Of course, you can just run less than M blocks, but then you run into the problem that M is really small and you will not be using the device very optimally.

One note: You do not need a cudaThreadSynchronize in-between kernels. You can keep calling kernel after kernel and the driver will queue them up, always making sure not to start the second until the first has finished.

So that’s what this stuff is all about :)

Well, sorry for asking. And thanks for clarifying it for me. So basically there’s no block scheduler but it’s a first block in first block out thing or something like that.

Thanks for pointing that out. That actually answers my question because the intention behind it was to avoid cudaThreadSynchronize() busy waiting.

Are cudaMemcpy and cudaMemset-calls (and so forth) also queued by the driver?

I haven’t seen the other codes, but I think that with enough atomics (and critical sections made out of atomics), you could do it. However, the bigger problem is that I imagine most algorithms that want a kernel-wide sync also want all 500 blocks to finish doing their respective part of the task. However, if it’s a different matter of resource contention or something, I think atomics could get it done.

MisterAnderson, are you 100% sure there’s never any overlap in execution? I don’t have evidence that there is, but it would be a more efficient design choice.

Unfortunately, eventually the queue will get full and there will still be a busy wait in there somewhere. But removing the synchronize on every kernel still improves performance significantly. Somewhere in the programming guide (I think under the asynchronous launch section) it documents in more detail what is async and what is not. IIRC, cudaMemcpy to/from the host adds an implicit cudaThreadSynchronize(). Not sure about device->device copies.

It has been said in another thread that 1.1 will improve the capability of CUDA to overlap even more.

Am I 100% sure that there is no overlap? No, I didn’t design the device, so I can’t be certain. Here are the things that lead me to the no overlap conclusion, though:

1)The guide says: “A block is processed by only one multiprocessor, so that the shared memory space resides in the on-chip shared memory leading to very fast memory accesses.”

This sentence implies to me that a block exists on that multiprocessor for it’s entire lifetime, contiguously. And all later sentences talk about concurrent blocks within the limits of shared memory and register usage.

  1. If the block were to be “swapped out”, the shared memory and registers would need to be dumped to global memory somewhere, then read back in when the block is “swapped in”. This would take a big chunk out of the available memory bandwidth.
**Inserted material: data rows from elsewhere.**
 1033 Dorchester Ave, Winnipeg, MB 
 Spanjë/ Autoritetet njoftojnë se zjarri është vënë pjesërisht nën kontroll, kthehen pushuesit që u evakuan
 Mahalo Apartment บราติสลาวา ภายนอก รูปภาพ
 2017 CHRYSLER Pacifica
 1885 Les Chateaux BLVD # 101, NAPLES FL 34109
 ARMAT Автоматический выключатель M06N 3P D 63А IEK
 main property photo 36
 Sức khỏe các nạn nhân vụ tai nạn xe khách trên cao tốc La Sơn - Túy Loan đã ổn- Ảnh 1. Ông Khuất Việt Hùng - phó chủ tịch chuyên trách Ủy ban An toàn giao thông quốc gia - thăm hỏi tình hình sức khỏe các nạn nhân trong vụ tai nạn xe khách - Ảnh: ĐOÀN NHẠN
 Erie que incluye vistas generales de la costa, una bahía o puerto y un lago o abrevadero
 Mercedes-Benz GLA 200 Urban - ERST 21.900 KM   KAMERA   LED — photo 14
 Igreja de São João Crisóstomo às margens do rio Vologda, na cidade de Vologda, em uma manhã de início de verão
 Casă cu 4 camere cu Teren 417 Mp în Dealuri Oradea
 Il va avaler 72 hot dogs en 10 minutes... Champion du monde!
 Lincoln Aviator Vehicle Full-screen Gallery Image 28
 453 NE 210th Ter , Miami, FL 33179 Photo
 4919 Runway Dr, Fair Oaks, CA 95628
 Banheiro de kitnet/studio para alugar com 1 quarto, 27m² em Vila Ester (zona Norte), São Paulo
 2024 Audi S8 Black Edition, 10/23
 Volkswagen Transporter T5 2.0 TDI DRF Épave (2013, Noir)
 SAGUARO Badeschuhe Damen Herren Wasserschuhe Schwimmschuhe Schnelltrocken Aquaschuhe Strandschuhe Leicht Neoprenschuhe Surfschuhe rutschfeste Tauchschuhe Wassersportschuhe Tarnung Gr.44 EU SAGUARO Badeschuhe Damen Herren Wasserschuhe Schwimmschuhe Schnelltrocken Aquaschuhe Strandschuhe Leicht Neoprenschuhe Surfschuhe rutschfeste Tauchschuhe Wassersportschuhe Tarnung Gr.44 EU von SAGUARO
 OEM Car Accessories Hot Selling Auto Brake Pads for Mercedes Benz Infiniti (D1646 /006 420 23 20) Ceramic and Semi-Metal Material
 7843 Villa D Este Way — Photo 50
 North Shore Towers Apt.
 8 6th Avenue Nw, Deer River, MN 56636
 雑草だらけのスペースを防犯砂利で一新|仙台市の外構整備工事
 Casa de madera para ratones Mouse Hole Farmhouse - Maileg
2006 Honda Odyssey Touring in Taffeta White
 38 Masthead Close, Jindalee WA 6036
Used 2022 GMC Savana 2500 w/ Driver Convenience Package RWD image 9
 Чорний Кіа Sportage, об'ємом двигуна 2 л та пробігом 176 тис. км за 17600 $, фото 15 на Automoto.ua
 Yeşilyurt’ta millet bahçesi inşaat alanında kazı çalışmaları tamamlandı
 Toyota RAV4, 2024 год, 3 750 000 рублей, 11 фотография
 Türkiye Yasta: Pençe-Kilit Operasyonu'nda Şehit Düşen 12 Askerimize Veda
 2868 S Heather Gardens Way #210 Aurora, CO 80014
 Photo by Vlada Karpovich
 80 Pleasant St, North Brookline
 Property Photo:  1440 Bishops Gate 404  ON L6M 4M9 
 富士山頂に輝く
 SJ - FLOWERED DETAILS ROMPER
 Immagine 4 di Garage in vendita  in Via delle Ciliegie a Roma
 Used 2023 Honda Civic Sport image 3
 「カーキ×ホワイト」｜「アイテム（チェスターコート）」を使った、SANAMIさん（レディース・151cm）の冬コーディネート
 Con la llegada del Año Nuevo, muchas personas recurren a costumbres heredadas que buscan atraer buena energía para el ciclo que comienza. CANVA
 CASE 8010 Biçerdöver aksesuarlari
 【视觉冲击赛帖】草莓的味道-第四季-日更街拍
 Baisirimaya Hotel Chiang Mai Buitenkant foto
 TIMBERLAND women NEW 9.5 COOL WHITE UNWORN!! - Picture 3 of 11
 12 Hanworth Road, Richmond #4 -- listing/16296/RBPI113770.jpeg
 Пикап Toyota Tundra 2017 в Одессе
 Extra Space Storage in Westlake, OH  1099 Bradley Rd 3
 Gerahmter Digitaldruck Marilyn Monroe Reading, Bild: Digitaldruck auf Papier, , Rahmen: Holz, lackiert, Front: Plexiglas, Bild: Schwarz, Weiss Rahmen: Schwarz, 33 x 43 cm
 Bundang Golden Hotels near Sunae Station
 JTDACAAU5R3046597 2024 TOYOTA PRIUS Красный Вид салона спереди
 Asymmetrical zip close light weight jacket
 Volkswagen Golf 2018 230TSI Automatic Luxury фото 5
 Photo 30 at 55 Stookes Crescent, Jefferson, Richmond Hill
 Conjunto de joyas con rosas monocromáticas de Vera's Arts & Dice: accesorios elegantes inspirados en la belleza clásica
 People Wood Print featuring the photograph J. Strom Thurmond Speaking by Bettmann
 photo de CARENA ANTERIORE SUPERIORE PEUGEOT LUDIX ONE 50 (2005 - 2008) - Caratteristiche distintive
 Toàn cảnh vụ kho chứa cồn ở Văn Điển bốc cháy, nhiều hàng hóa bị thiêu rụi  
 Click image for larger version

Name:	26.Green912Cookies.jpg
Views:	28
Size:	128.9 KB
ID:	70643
A memory-bound kernel with 10,000 blocks can easily approach the memory bandwidth limit of the device => there is no “missing” bandwidth from the swapping.

  2. In one of the earlier threads on block synchronization, the OP’s tests worked when the number of blocks launched was <= M, and deadlocked when > M (I can dig up the post if you really want me to). This test is pretty conclusive to me.

aha! but just because blocks have to run in one piece doesn’t mean that blocks from different kernel executions can’t mix (across MPs or on the same MP)

Oh, that is the overlap you were referring to. Sorry, I was confused.

The guide doesn’t come right out and define how the launches are asynchronous, but I did find this:
“Note that the texture cache is not kept coherent with respect to global memory accesses, so the global memory ranges that a kernel is operating on must not overlap with memory accessed by the texturing hardware. This restriction only applies within a given kernel launch, however; separate kernel launches may freely intermix writing to device memory and reading from the same device memory via texture, provided the device memory ranges do not overlap during a launch.”

That seems to imply that one entire kernel launch completes before the next one begins.

Correct, the driver waits until kernel completion and full propagation of global store requests.